В большом проекте с многими developers — каждый запускает dbt run локально. Если все пишут в один shared dev schema, они наступают на ноги друг другу: Alice runs customer_metrics, Bob runs параллельно — конфликт, таблица перезаписывается.

Решение — per-developer schemas в dev: dbt_alice_dev, dbt_bob_dev. Каждый разработчик имеет свой namespace. В prod — clean schemas без префиксов: marts, staging.

dbt позволяет настроить это через override generate_schema_name macro. Этот урок — как переопределить, какие patterns common, и как наводить порядок в multi-developer environment.

dbt-iii: generate_schema_name — полный разбор механизма

Default behavior без override

dbt по умолчанию имеет:

schema = target.schema           # если YAML +schema не set
schema = target.schema + '_' + custom_schema   # если +schema: 'custom'

Например, target.schema = 'main':

  • Model без +schema -> main
  • Model с +schema: marts -> main_marts

Это append pattern. На prod часто это нежелательно — хочется marts чисто.

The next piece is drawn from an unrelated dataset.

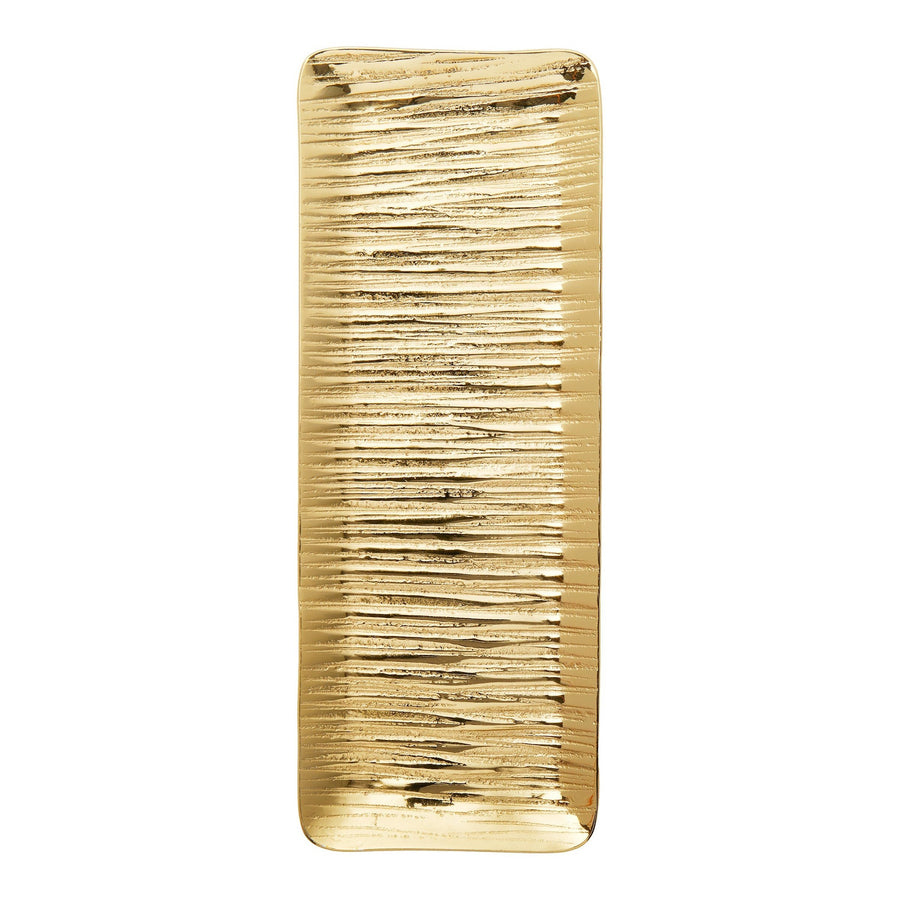 Gold Textured Rectangle Tray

И для dev — все developers пишут в main_marts, конфликты.


Override syntax

В macros/get_custom_schema.sql (имя файла любое):

{% macro generate_schema_name(custom_schema_name, node) -%}
    {%- set default_schema = target.schema -%}

    {%- if target.name == 'prod' -%}
        {%- if custom_schema_name is none -%}
            {{ default_schema }}
        {%- else -%}
            {{ custom_schema_name | trim }}
        {%- endif -%}

    {%- elif target.name == 'dev' -%}
        {%- if custom_schema_name is none -%}
            {{ default_schema }}
        {%- else -%}
            {{ default_schema }}_{{ custom_schema_name | trim }}
        {%- endif -%}

    {%- else -%}
        {{ default_schema }}_{{ custom_schema_name | trim }}
    {%- endif -%}
{%- endmacro %}

Что делает:

  • В prod: +schema: marts -> schema = marts (clean, no prefix)
  • В dev: +schema: marts -> schema = dbt_alice_dev_marts (with prefix)
  • В other targets (ci): same dev-like behavior

dbt автоматически использует этот override при resolve schema names.

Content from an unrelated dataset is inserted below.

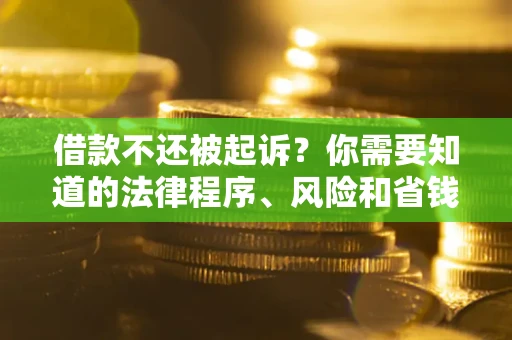 济南借款不还被起诉？你需要知道的法律程序、风险和省钱技巧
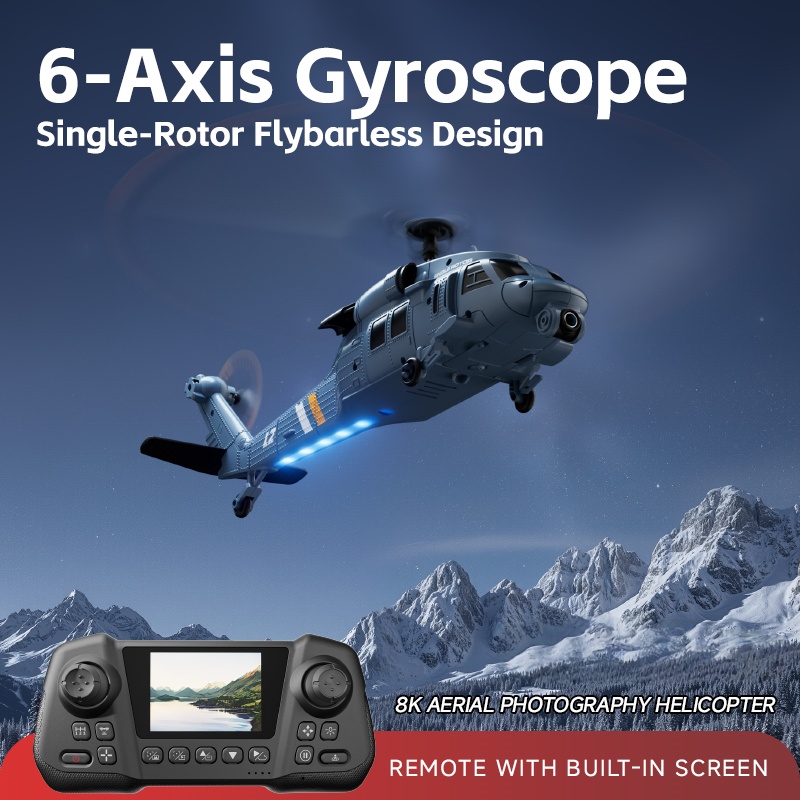 8K Flybarless Optical Flow Hov - đánh giá và giá Rc Helicopter Large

Per-developer schema через env_var

# profiles.yml
my_project:
  outputs:
    dev:
      type: duckdb
      path: './dev.duckdb'
      schema: "dbt_{{ env_var('USER', 'unknown') }}_dev"   # uses OS USER
      threads: 4

Alice locally:

$USER = alice
target.schema = 'dbt_alice_dev'

Bob locally:

$USER = bob
target.schema = 'dbt_bob_dev'

Через generate_schema_name override -> models go в dbt_alice_dev_marts, dbt_bob_dev_marts, etc. Isolated namespaces — no conflicts.

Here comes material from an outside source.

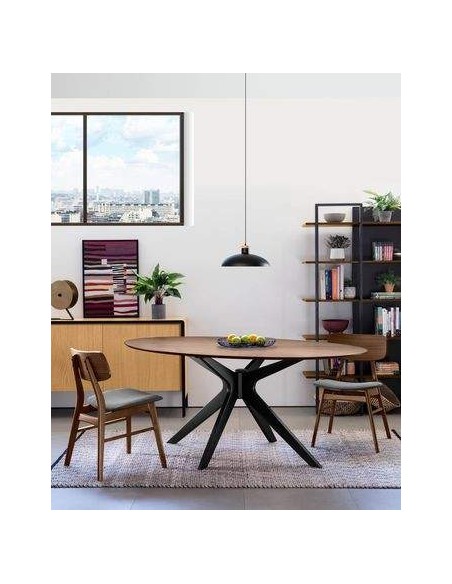 Mesa Naanim 180 x 110 cm acabado nogal. Mesa Naanim 180 x 110 cm acabado nogal.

Полный пример: production patterns

Profile

# profiles.yml
my_project:
  target: dev

  outputs:
    dev:
      type: duckdb
      path: './dev_{{ env_var(\"USER\", \"unknown\") }}.duckdb'
      schema: "dbt_{{ env_var('USER', 'unknown') }}_dev"
      threads: 4

    ci:
      type: duckdb
      path: ':memory:'
      schema: 'ci'
      threads: 4

    prod:
      type: snowflake
      account: "{{ env_var('SF_ACCOUNT') }}"
      user: "{{ env_var('SF_USER') }}"
      password: "{{ env_var('SF_PASSWORD') }}"
      database: 'ANALYTICS_PROD'
      schema: 'transformed'   # base schema в prod
      warehouse: 'PROD_WH'
      threads: 16

dbt_project.yml

name: my_project

models:
  my_project:
    +schema: ''   # default empty

    staging:
      +schema: staging

    intermediate:
      +schema: intermediate

    marts:
      +schema: marts

    marts:
      finance:
        +schema: marts_finance
      marketing:
        +schema: marts_marketing

Override macro

-- macros/generate_schema_name.sql
{% macro generate_schema_name(custom_schema_name, node) -%}
    {%- set default_schema = target.schema -%}

    {%- if target.name == 'prod' -%}
        {# Production: custom_schema_name перекрывает default. Clean names. #}
        {%- if custom_schema_name is none -%}
            {{ default_schema }}
        {%- else -%}
            {{ custom_schema_name | trim }}
        {%- endif -%}

    {%- else -%}
        {# Dev / CI: default + custom = dbt_alice_dev_marts #}
        {%- if custom_schema_name is none -%}
            {{ default_schema }}
        {%- else -%}
            {{ default_schema }}_{{ custom_schema_name | trim }}
        {%- endif -%}
    {%- endif -%}
{%- endmacro %}

Результат

Production (target.schema='transformed', target.name='prod'):

Model layerSchema in warehouse
staging.usersstaging
intermediate.user_metricsintermediate
marts.fct_ordersmarts
marts.finance.revenuemarts_finance
marts.marketing.campaignsmarts_marketing

Clean — marts, не transformed_marts.

Dev for Alice (target.schema='dbt_alice_dev', target.name='dev'):

ModelSchema
staging.usersdbt_alice_dev_staging
marts.fct_ordersdbt_alice_dev_marts
marts.finance.revenuedbt_alice_dev_marts_finance

Isolated — никаких конфликтов с Bob.

CI (target.schema='ci', target.name='ci'):

ModelSchema
staging.usersci_staging
marts.fct_ordersci_marts

Isolated CI environment.


Common patterns

Pattern 1: per-developer + per-feature branch

Для team с feature branches:

schema: "dbt_{{ env_var('USER', 'unknown') }}_{{ env_var('GIT_BRANCH', 'main') | replace('/', '_') }}"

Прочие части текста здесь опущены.